Exercise details: In your output, repeat each entry exactly and include no pictures.

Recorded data
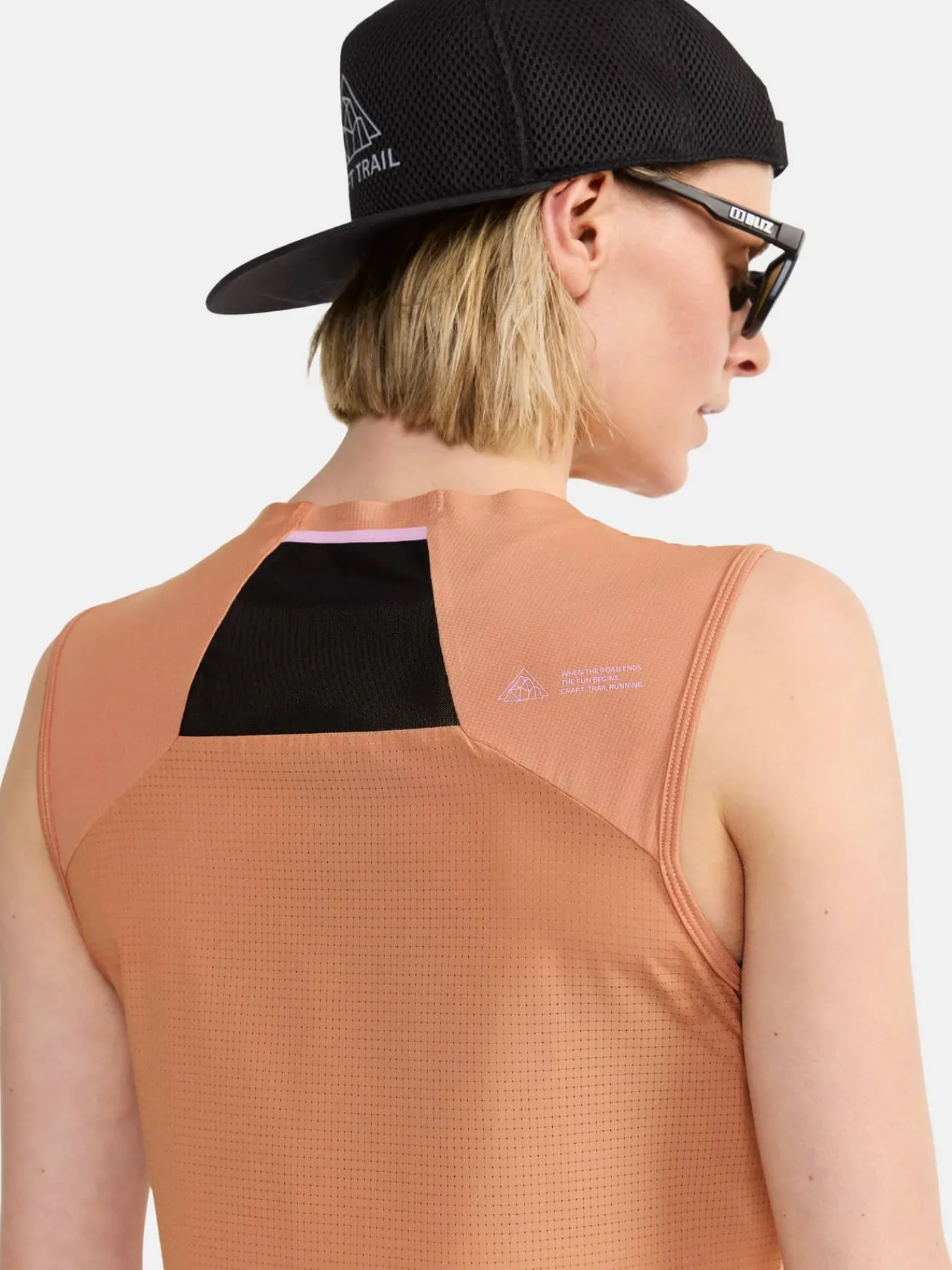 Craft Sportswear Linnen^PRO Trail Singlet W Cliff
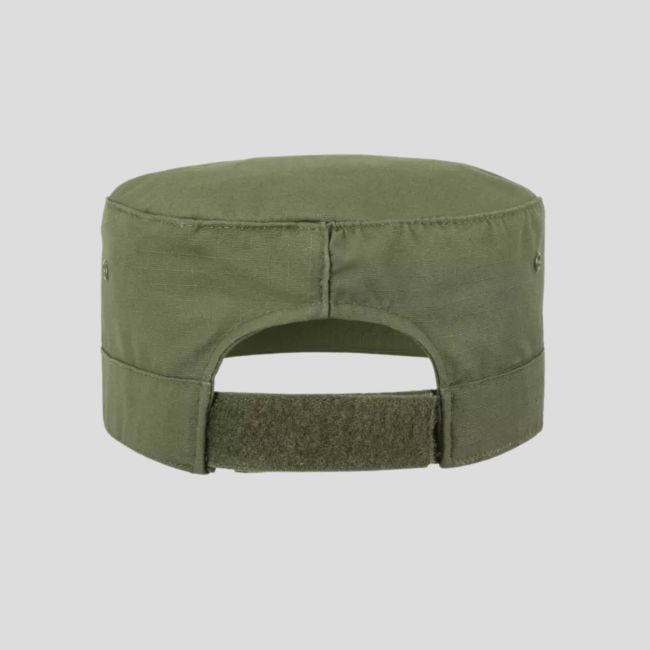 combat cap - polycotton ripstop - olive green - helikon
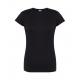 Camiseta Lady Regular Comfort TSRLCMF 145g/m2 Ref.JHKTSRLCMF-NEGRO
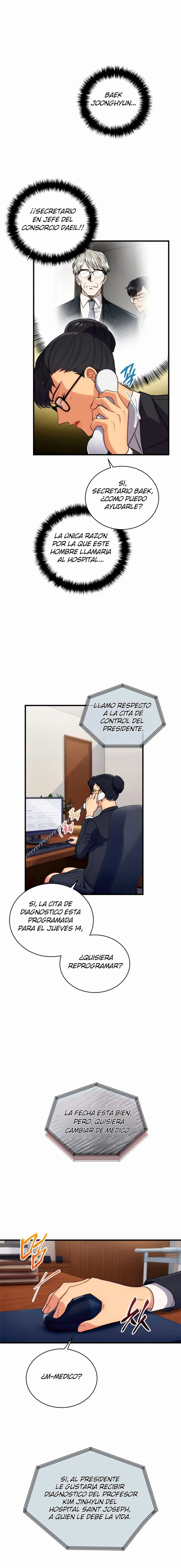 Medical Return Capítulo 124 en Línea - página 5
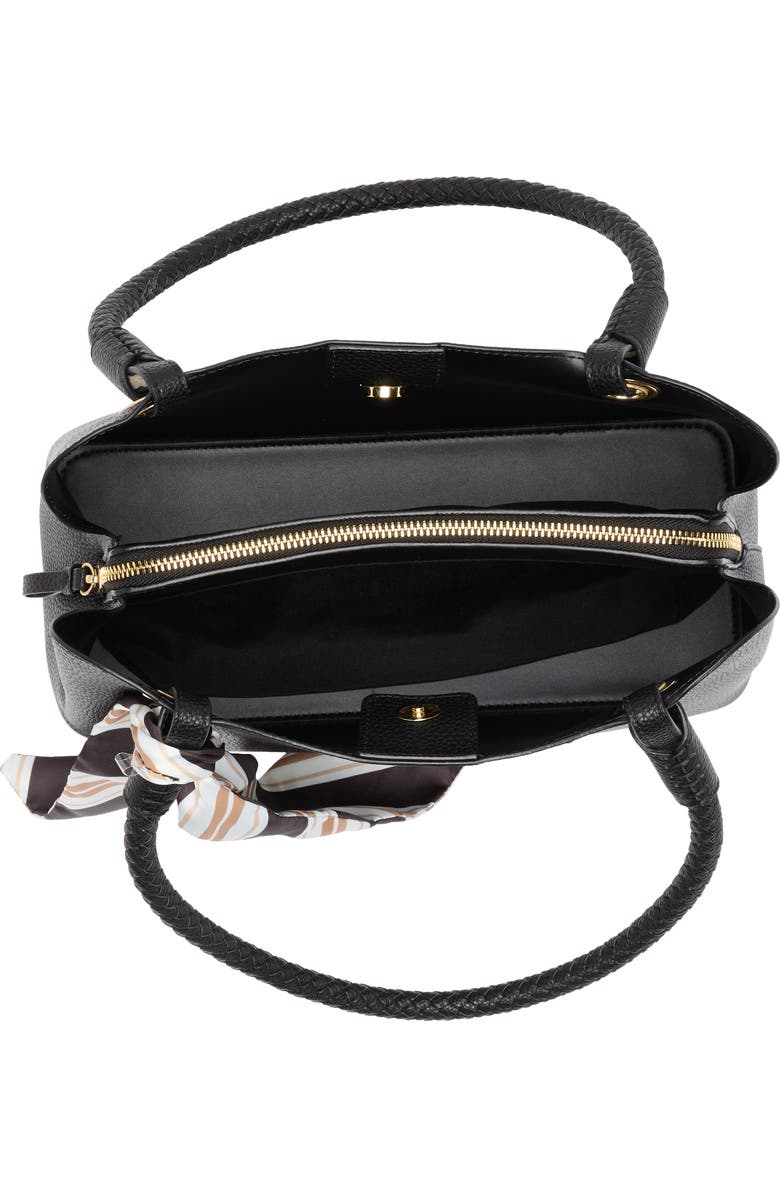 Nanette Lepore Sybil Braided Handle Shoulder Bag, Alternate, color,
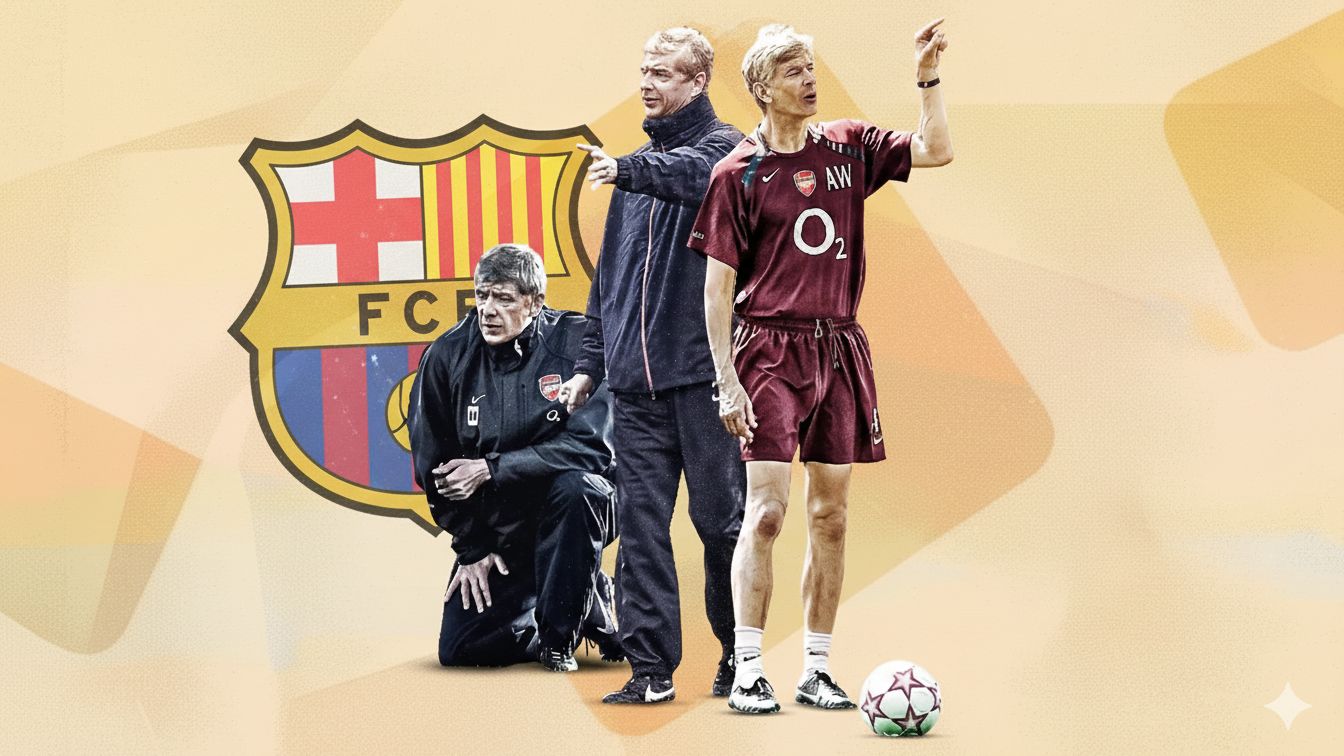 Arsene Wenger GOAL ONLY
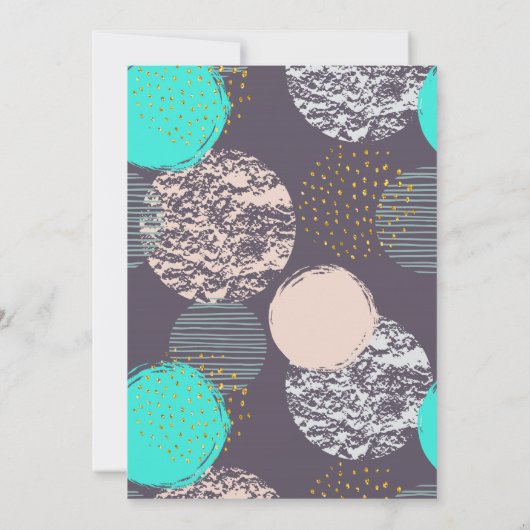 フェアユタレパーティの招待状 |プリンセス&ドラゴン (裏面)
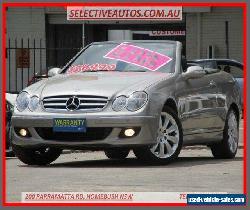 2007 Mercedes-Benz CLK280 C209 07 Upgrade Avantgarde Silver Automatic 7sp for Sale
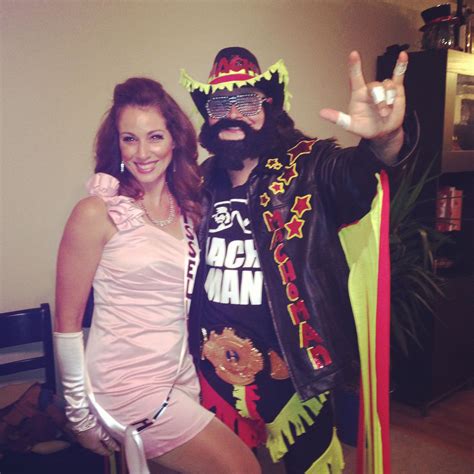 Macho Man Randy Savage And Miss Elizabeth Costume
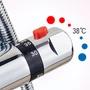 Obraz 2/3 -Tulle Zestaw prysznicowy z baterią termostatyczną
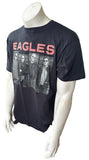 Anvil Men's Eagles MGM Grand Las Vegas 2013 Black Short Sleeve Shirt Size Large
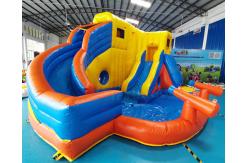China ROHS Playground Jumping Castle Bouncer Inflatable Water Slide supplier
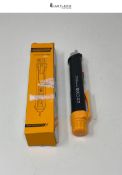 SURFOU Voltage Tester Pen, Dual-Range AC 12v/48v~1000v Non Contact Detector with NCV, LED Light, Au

Result of this task:
 Craft Sportswear Linnen^PRO Trail Singlet W Cliff
 combat cap - polycotton ripstop - olive green - helikon
 Camiseta Lady Regular Comfort TSRLCMF 145g/m2 Ref.JHKTSRLCMF-NEGRO
 Medical Return Capítulo 124 en Línea - página 5
 Nanette Lepore Sybil Braided Handle Shoulder Bag, Alternate, color,
 Arsene Wenger GOAL ONLY
 フェアユタレパーティの招待状 |プリンセス&ドラゴン (裏面)
 2007 Mercedes-Benz CLK280 C209 07 Upgrade Avantgarde Silver Automatic 7sp for Sale
 Macho Man Randy Savage And Miss Elizabeth Costume
 Obraz 2/3 -Tulle Zestaw prysznicowy z baterią termostatyczną
 Anvil Men's Eagles MGM Grand Las Vegas 2013 Black Short Sleeve Shirt Size Large
China ROHS Playground Jumping Castle Bouncer Inflatable Water Slide supplier
 SURFOU Voltage Tester Pen, Dual-Range AC 12v/48v~1000v Non Contact Detector with NCV, LED Light, Au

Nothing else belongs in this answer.